Backprop min loss of losses from two models to both models

alwynmathew · November 1, 2019, 6:35am

I have two models(model1 and model2) running in coupled manner

output1 = model1(input)
output2 = model2(input)
loss1= loss_fn(output1)
loss2= loss_fn(output2)
loss = min(loss1, loss2)

How do I propogate this loss to both model1 and model2 ?

NOTE: I understand

loss = loss1 + loss2
loss.backward()

the above could work but I need the min(loss1, loss2) to be back prop to both models.

ptrblck · November 1, 2019, 12:23pm

torch.min acts like a switch, so I’m not sure how both models should get valid gradients.

alwynmathew · November 1, 2019, 3:14pm

Yea I understand if min(loss1, loss2) is loss1, loss.backward() will only backprop through model1 and vice versa. Please suggest a better or alternative way to solve this. I need to backprop min of loss1 and loss2 through both models.

KFrank · November 1, 2019, 8:30pm

Hi Alwyn!

In order for the gradients to flow through both branches of your
“min” function, you need a smooth version of min that transitions
from one branch to the other adequately gradually.

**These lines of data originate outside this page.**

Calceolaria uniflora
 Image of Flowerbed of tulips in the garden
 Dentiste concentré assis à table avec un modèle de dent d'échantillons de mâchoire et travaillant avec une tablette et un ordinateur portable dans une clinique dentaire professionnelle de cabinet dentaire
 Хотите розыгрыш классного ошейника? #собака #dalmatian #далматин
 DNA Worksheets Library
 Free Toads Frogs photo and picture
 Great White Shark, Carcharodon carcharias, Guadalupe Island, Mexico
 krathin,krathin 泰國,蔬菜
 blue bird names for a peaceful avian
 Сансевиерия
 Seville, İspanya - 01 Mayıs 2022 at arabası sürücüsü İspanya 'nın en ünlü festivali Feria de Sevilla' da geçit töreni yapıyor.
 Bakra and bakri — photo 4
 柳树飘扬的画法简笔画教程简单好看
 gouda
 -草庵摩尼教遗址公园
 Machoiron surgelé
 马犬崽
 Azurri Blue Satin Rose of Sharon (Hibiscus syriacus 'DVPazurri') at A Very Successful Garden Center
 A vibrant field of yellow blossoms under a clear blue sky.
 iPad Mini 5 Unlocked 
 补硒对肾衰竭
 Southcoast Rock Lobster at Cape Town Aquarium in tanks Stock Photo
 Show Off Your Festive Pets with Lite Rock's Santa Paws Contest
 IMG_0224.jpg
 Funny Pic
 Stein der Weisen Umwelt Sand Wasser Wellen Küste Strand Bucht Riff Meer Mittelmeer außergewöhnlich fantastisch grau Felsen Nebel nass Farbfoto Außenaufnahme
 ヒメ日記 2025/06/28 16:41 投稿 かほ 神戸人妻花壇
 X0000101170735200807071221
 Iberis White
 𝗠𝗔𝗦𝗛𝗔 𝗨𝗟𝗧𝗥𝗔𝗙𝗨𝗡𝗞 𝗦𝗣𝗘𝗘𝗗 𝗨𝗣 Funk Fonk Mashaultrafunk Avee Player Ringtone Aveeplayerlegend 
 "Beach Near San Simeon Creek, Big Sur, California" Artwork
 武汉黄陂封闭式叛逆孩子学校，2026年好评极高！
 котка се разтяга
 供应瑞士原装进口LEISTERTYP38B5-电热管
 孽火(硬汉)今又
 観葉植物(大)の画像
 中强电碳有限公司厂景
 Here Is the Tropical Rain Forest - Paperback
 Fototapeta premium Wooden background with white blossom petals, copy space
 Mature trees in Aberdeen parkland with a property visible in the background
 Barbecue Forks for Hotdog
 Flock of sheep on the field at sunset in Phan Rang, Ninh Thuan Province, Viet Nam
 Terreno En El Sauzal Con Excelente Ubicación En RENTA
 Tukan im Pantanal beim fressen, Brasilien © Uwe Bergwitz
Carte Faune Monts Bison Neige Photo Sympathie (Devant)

LogSumExp is a smooth version of the max function, and is
implemented in pytorch as torch.logsumexp(). You can turn it into
a smooth minimum by adding minus signs:

smooth_min = -torch.logsumexp (-arg, dim)

You can make it transition more or less abruptly by adding a
parameter q:

-torch.logsumexp (-q * arg, dim) / q

Note, if loss1 is much larger than loss2 (or if you transition
abruptly), then the gradients will flow only weakly back through
model2 (which may well be what you want).

Good luck.

K. Frank

[Edit: However, upon further consideration, this scheme might
not do what you want. Let’s say, that by happenstance, model2
starts doing better than model1. Then gradients will flow more
weakly through model1, so it will learn more slowly. So model2
will get better still while model1 stagnates.

If model2 gets sufficiently better than model1, then model1
will effectively drop out of the picture, regards of whether, given
the chance and adequate training, it might have ended up doing
better than model2.]